The beauty of seeing the Mighty 5 through someone else’s eyes
Aug 15, 2023, 3:11 PM | Updated: 3:53 pm
(Lindsay Whitehurst, Associated Press)
Through my years of hosting KSL Outdoors, I’ve had many opportunities to visit Utah’s National Parks with some extraordinary memories.
A few years ago, when the Utah Symphony did a Mighty 5 tour with concerts just outside of Moab at Red Cliff Lodge, I sat with former Utah Gov. Gary Herbert to enjoy beautiful music under the night sky.
The next night was a repeat performance, as moonlight danced off the sandstone hoodoos on the cliff’s edge of Bryce Canyon.
But this year I had the treat of seeing, really seeing, the treasures that are literally out our back door through the eyes of international friends and visitors who had long dreamed and planned for a first look at not just Utah, but the United States as well.
As for many, the pandemic delayed plans for their visit to America, but the trip finally came together this summer. I took note of a few things I learned from their wide-eyed ride through Utah.
Don’t hurry through the Mighty 5
Utah was on Paul’s radar in part because of our friendship but also because the state’s tourism office has done such a great job of promoting our national parks.
First on the bucket list?

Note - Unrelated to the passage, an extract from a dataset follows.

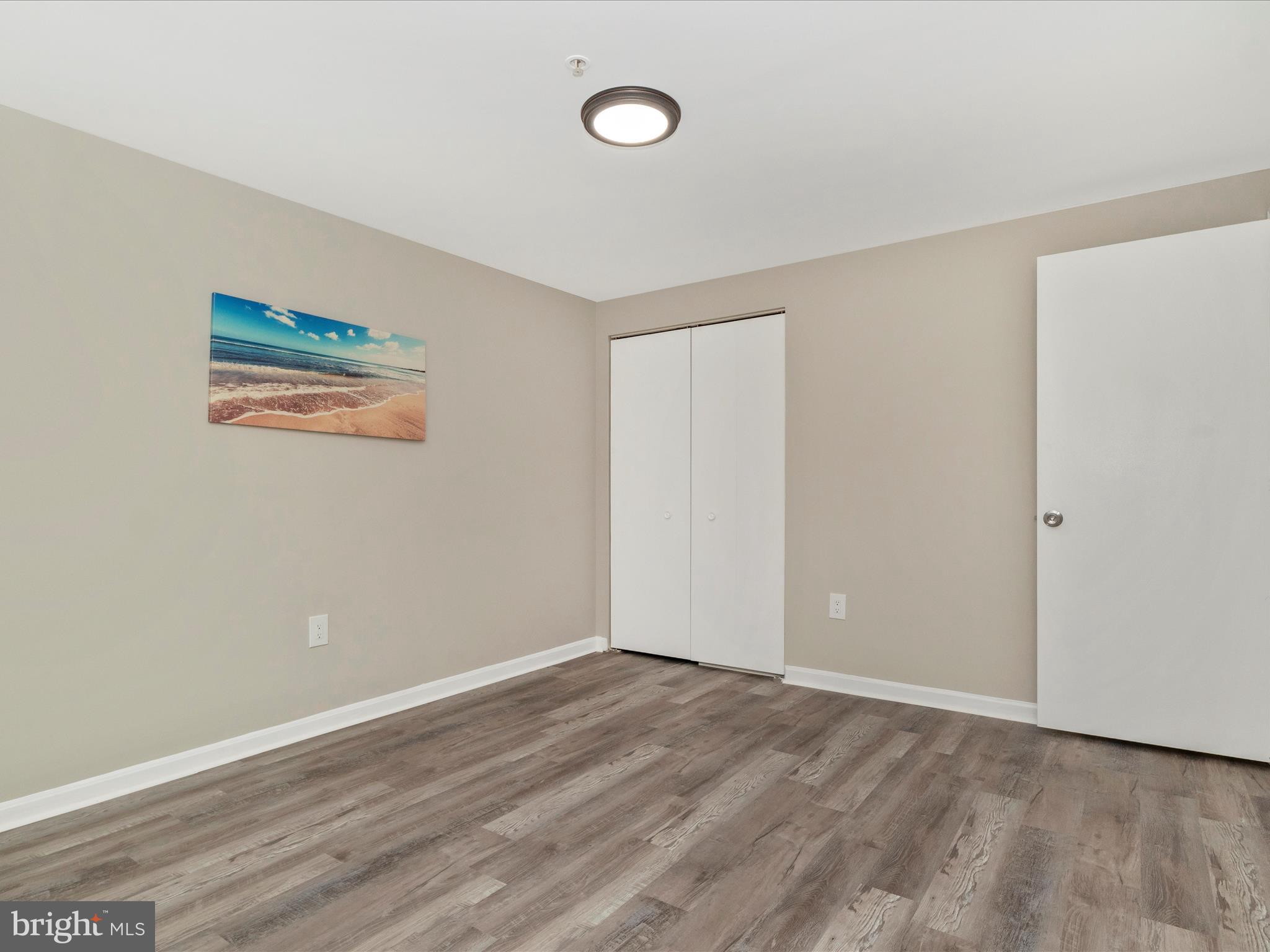 HUTCHINSON COMMONS - Residential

The iconic symbol used in almost all promotions of the Beehive State, the Delicate Arch.
The one thing they don’t tell you is that a summer visit means a 3.2-mile roundtrip hike on a slick rock trail in very warm temperatures most days.
Not to worry, the many stops along the way to note ancient petroglyphs, photograph lizards darting in and out of rocky crevices and take in the views provide plenty of recovery time and add a layer of discovery that most of us might miss.
Notice the things we take for granted
Of course, my British friends were overwhelmed with the beauty of both Arches and Bryce Canyon.
But their fascination with the many things they have only seen in movies or on tv and that we take for granted made this visit to our national parks so special.
When was the last time you noticed a railroad crossing arm and stopped to take a picture of it? And then had road travel discussions about the work and sacrifice of those that laid all those tracks and literally changed the world?
Have you ever stopped and stared in amazement at a long backcountry road that seemingly goes on forever as it disappears into the horizon?
It was quite an attraction for visitors from a country that in some geographic locations only stretches 50 miles from border to border.
How amazed are you that you can drive for hours and still be in a single state? Not to mention the regular sights of old tractors, American-made antique vehicles and the occasional Airstream travel trailers that European buyers would love to get their hands on.
The next time you plan a road trip anywhere in Utah — but particularly our national parks — bring a friend!
Someone that hasn’t been there before. Hasn’t smelled the smells of pine trees or cattle ranches… yes, even that smell.
There is much we take for granted and are blessed with right outside our back doors so share it, cherish it and maybe even really see it for the first time yourself.